_SOURCE MATERIAL_
:::

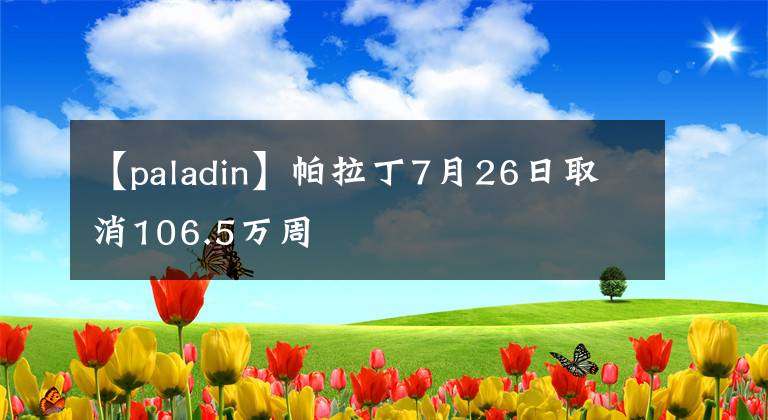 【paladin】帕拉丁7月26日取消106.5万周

:::

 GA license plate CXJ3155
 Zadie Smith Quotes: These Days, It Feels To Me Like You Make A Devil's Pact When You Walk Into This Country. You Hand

:::

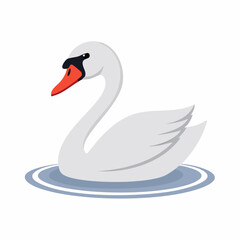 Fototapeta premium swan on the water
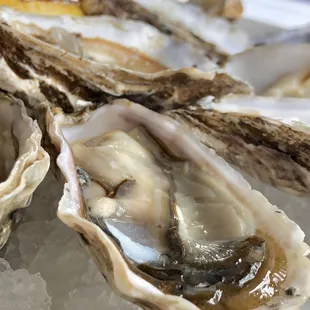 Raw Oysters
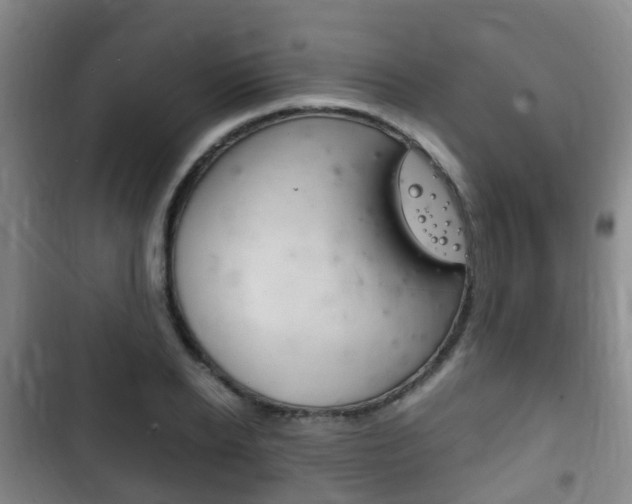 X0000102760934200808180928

:::

_WORK REQUEST_
In the listing above, find the line with "Fototapeta premium swan on the water" and output every line through the one with "X0000102760934200808180928", exactly, without the pictures.

_SOLVED PROBLEM_
 Fototapeta premium swan on the water
 Raw Oysters
 X0000102760934200808180928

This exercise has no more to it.